A review of the annual federal lobbying efforts by flood control officials shows a similar pattern each year. The Napa County Flood Control and Water Conservation District makes a request of the administration based on what the U.S. Army Corps of Engineers believes it can accomplish in a given fiscal year. The administration comes back with a proposed amount in its first edition of the budget, generally far less than the original request.
At that point, local officials and Rep. Mike Thompson, D-St. Helena, intensify their lobbying in Washington, D.C. Prodding and cajoling occurs in the halls of Congress and at the Army Corps of Engineers, congressional conferences take place, and finally a new figure emerges somewhere between the original request and the administration's first cut at the budget.
Except for 2001, when the federal funding target was relatively small, the amount received has never approached the amount requested.
In fiscal year 2001, the Napa project sought and received $4 million. From there, it was downhill. From 2002 through 2006, just over half the requests came through. Of the $95 million in requests, $56 million came to Napa.
State of California
The state also plays a significant role providing "subvention" funds, which are a match of federal money, though not dollar for dollar.
Since 2000, the flood control district has asked Sacramento for $92.6 million and received $31.8 million. Napa project officials are leaning on the state for $51 million in back payments.
Separately, the state has denied $7.6 million in claims. Flood project spokesman Barry Martin said that denial is being appealed.
Gov. Arnold Schwarzenegger has put the $51 million in his pending public works bond proposals, which means it could trickle in between 2007 and 2011 or even later. Assemblywoman Noreen Evans, D-Santa Rosa, has said she will push the governor to place the funds in the state budget, so it will not depend on the success of a proposed bond measure for Napa to secure the money.

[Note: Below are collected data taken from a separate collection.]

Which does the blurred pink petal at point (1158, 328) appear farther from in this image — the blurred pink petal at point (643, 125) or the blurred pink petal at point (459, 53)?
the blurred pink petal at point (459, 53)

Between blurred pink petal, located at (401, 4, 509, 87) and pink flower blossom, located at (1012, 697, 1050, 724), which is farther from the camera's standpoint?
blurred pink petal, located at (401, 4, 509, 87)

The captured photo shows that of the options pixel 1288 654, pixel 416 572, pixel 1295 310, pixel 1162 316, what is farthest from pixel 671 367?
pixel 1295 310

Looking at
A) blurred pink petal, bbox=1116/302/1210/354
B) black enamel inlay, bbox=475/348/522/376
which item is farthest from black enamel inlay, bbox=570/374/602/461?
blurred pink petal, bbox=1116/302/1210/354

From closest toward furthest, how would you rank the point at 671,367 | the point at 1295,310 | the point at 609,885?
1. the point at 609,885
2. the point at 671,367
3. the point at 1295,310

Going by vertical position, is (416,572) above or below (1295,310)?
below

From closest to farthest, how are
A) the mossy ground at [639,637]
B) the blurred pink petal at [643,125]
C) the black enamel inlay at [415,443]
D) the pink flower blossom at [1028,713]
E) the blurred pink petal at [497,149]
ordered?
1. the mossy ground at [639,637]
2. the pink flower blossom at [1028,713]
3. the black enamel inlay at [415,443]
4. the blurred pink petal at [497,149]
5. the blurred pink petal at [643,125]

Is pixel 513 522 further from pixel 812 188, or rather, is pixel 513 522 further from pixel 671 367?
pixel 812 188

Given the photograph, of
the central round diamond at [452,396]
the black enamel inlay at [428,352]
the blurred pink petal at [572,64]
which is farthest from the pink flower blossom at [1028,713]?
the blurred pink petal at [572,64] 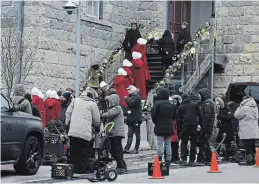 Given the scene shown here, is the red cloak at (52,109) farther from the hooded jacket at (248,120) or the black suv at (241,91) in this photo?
the black suv at (241,91)

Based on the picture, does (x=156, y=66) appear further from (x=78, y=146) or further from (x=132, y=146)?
(x=78, y=146)

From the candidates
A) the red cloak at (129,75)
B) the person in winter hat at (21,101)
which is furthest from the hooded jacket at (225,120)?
the person in winter hat at (21,101)

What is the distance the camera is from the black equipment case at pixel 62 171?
13.0 metres

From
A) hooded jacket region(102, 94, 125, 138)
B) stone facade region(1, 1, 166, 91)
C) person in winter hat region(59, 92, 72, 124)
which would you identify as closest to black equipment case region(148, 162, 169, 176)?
hooded jacket region(102, 94, 125, 138)

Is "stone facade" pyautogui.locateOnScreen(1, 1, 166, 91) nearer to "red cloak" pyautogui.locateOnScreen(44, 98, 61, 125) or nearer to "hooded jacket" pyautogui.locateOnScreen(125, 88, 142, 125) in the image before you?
"red cloak" pyautogui.locateOnScreen(44, 98, 61, 125)

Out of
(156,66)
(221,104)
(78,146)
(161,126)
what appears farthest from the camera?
(156,66)

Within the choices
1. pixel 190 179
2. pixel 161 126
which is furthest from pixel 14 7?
pixel 190 179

The Napa project also envisions receiving another $37 million in future claims from the state.
A steady funding source
Napa County voters approved a half-cent sales tax in 1998. With those revenues exceeding expectations, the local contribution to the project has been more than $60 million. Only $44 million had been anticipated in the first six years.
In the first year of collection, the tax came in $1 million ahead of projections and has remained well above estimates ever since, including the most recent reporting year of 2003-04, when it was more than $4 million above the forecast.

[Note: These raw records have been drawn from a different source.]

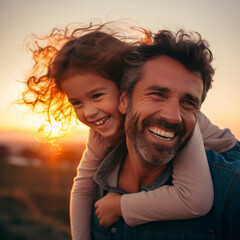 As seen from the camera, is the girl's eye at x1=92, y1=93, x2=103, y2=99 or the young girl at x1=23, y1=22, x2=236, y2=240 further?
the girl's eye at x1=92, y1=93, x2=103, y2=99

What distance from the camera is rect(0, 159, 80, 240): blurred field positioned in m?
10.8

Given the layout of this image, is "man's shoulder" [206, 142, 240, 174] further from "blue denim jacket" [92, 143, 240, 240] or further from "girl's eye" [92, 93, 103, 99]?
"girl's eye" [92, 93, 103, 99]

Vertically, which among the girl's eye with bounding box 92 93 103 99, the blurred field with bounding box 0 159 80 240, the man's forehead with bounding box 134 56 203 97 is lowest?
the blurred field with bounding box 0 159 80 240

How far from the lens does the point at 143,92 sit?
6.99ft

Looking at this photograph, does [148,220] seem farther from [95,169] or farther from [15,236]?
[15,236]

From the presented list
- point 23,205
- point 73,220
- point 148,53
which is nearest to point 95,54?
point 148,53

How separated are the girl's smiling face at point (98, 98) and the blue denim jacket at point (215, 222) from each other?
66 centimetres

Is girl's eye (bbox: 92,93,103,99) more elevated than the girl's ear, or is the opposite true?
girl's eye (bbox: 92,93,103,99)

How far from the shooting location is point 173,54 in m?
2.08

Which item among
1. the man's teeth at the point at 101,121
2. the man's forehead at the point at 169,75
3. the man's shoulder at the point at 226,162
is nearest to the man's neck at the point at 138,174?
the man's teeth at the point at 101,121

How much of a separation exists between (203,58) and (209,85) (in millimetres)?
298

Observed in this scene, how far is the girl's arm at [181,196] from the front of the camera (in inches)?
76.9

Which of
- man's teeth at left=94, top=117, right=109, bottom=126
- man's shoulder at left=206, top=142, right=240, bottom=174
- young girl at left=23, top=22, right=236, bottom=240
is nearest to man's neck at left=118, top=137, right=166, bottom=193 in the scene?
young girl at left=23, top=22, right=236, bottom=240

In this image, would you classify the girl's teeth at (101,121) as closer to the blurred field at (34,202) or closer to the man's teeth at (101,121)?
the man's teeth at (101,121) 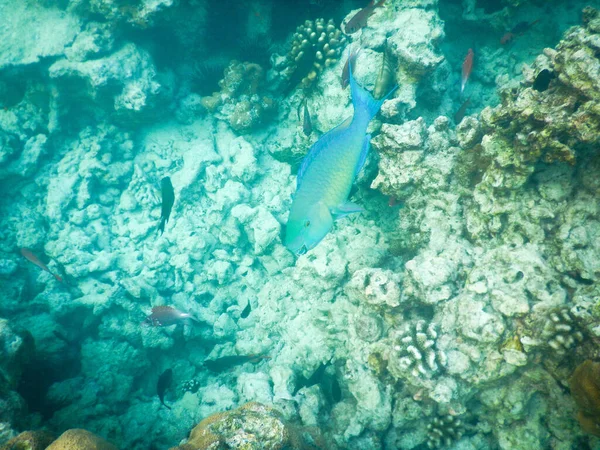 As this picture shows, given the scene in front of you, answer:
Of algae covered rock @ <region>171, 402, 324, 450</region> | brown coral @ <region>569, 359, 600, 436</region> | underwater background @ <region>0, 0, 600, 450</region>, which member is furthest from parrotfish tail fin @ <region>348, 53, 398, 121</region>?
algae covered rock @ <region>171, 402, 324, 450</region>

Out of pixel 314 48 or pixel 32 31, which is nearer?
pixel 314 48

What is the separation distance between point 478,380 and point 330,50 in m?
5.22

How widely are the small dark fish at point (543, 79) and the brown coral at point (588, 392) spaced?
2.34 meters

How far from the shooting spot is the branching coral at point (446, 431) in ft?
11.1

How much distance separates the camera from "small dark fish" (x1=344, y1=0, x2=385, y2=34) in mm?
4668

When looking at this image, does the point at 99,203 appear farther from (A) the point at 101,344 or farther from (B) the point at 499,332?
(B) the point at 499,332

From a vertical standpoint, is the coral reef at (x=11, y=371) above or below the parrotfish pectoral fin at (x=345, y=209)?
below

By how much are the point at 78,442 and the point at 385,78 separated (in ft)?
18.0

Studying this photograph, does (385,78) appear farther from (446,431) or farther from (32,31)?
(32,31)

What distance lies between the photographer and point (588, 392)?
2.28 metres

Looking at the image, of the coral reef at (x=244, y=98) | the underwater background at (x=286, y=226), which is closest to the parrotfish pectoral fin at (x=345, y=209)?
the underwater background at (x=286, y=226)

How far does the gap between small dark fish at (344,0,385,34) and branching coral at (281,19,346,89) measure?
0.44 m

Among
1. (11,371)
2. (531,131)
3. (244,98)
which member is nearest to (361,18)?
(244,98)

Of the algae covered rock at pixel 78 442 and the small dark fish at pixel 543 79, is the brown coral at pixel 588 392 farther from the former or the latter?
the algae covered rock at pixel 78 442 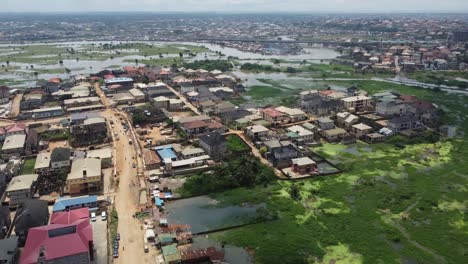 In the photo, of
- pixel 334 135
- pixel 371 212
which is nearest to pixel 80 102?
pixel 334 135

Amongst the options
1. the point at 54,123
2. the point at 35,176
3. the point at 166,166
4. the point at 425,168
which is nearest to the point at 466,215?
the point at 425,168

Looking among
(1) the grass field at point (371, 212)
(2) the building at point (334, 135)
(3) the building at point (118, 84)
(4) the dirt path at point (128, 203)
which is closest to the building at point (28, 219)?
(4) the dirt path at point (128, 203)

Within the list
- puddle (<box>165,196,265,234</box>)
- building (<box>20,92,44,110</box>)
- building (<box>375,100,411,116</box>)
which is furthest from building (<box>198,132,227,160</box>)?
building (<box>20,92,44,110</box>)

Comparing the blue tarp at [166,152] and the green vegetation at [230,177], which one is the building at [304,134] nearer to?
the green vegetation at [230,177]

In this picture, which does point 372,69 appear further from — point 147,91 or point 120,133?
point 120,133

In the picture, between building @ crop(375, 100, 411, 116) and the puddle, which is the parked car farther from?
building @ crop(375, 100, 411, 116)

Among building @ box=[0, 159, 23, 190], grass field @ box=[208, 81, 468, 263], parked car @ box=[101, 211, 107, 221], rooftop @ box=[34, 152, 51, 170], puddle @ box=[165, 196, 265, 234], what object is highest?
rooftop @ box=[34, 152, 51, 170]

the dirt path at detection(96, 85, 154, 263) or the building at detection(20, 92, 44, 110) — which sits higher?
the building at detection(20, 92, 44, 110) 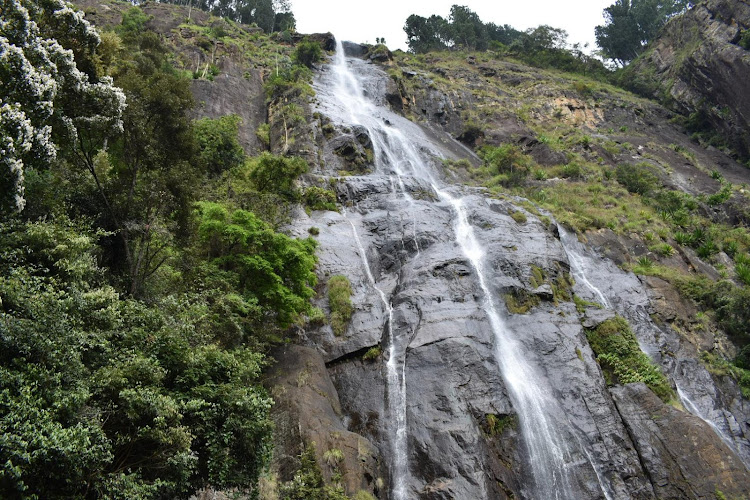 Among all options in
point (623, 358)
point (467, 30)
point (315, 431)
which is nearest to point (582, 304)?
point (623, 358)

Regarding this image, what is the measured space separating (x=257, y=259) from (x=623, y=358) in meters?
Result: 12.6

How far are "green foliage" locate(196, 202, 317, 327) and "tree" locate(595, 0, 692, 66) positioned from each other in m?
64.6

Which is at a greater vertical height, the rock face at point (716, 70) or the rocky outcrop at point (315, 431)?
the rock face at point (716, 70)

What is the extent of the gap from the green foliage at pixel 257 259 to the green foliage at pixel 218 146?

Low funding levels, slow construction progress
As time passes, inflation, higher construction costs and especially higher real estate costs have escalated the total project cost from its original $155 million to the current $288 million.
In order to complete the project, flood officials have been acquiring properties or parts of properties along the Napa River in order to build flood walls and flood terraces.
Until now, construction of flood control features has mostly taken place south of downtown. In the coming years, work is slated for the area around downtown, the oxbow and Napa Creek.
At slightly more than half done, the project probably had some beneficial effect in the recent flooding, though Martin likened the situation to a house getting a new roof that's only half on. Some parts will see some protection, but the bottom line is that it still gets plenty wet.
Local officials will be in Washington, D.C. again in March and this time will be seeking $31 million, the most requested yet in a single year. That would allow the project to catch up with the construction capabilities of the Army Corps of Engineers. After that, it is estimated it would take $25 million a year to complete the flood control project by 2011.